● Instructions to follow
Among the entries below, one line contains "image for item" and another contains "Diamond Black Crystal". Transcribe those two lines and every line between them, exactly.
--- Data supplied ---
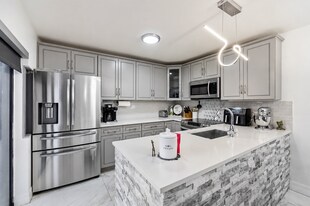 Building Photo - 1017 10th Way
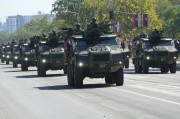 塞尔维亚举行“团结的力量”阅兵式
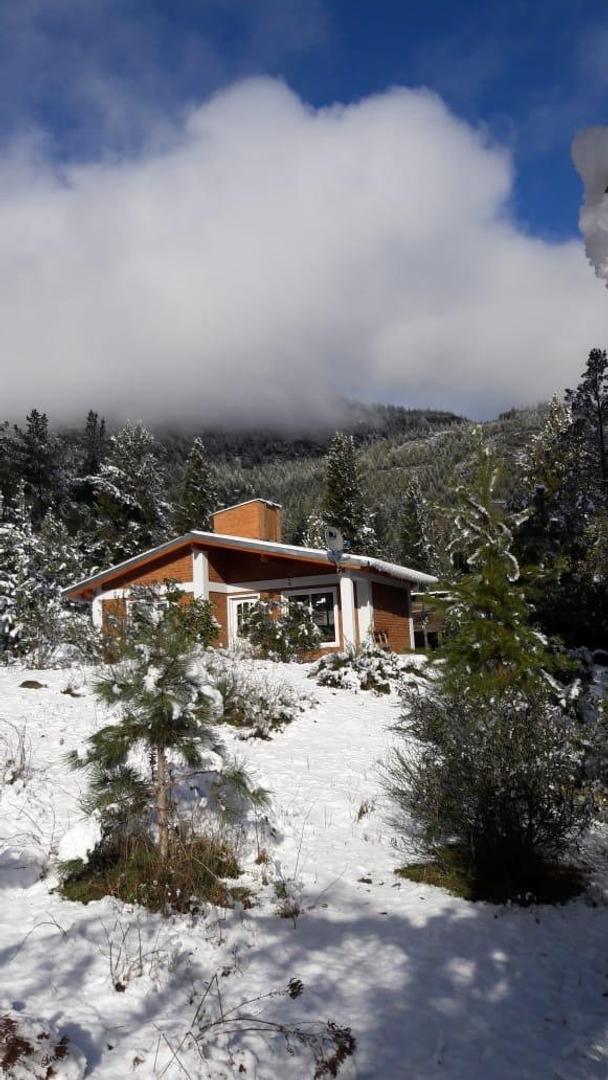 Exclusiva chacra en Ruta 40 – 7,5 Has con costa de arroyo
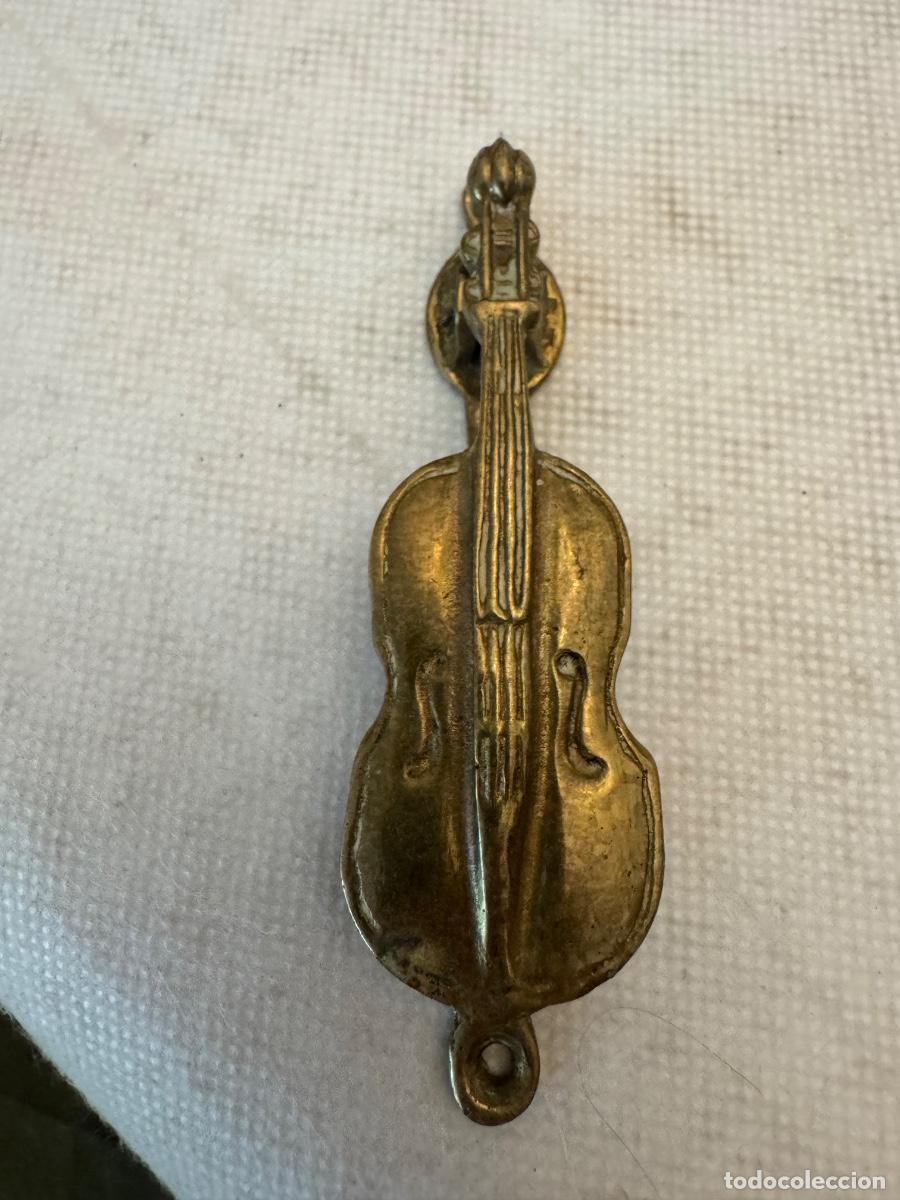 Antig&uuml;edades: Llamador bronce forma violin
---
--- Data supplied ---
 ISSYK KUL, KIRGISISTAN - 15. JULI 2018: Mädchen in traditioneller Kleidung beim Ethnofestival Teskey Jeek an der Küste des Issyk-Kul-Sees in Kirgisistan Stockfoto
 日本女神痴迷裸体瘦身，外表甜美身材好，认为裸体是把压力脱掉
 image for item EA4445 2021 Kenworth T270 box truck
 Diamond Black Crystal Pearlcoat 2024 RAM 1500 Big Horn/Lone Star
---
--- Data supplied ---
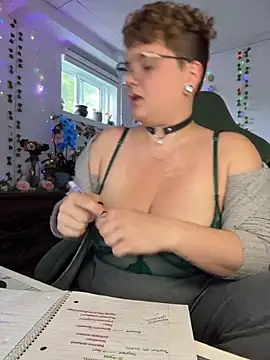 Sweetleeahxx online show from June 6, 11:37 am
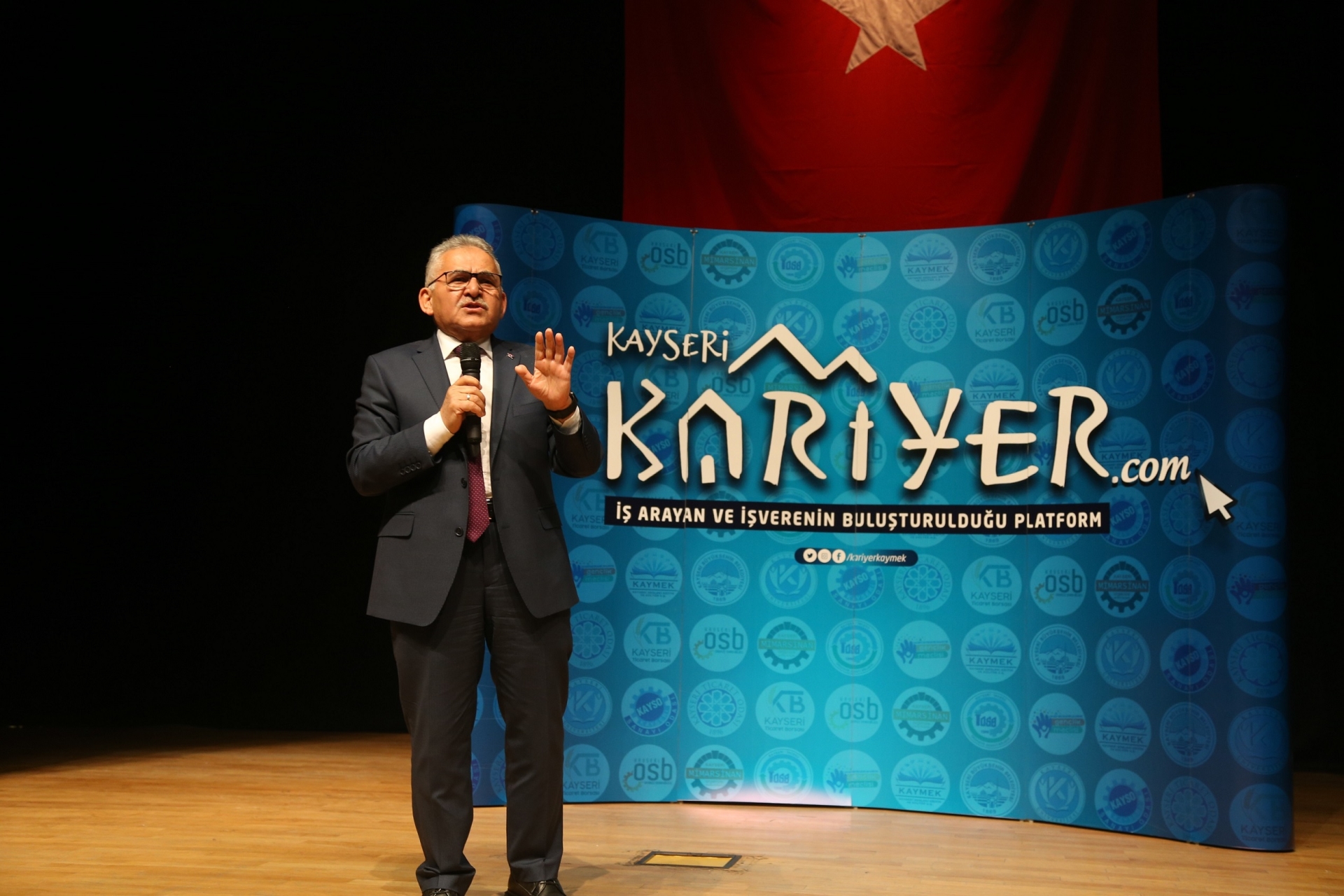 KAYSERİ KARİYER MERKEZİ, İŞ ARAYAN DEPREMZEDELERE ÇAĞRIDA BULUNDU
---
● Response
 image for item EA4445 2021 Kenworth T270 box truck
 Diamond Black Crystal Pearlcoat 2024 RAM 1500 Big Horn/Lone Star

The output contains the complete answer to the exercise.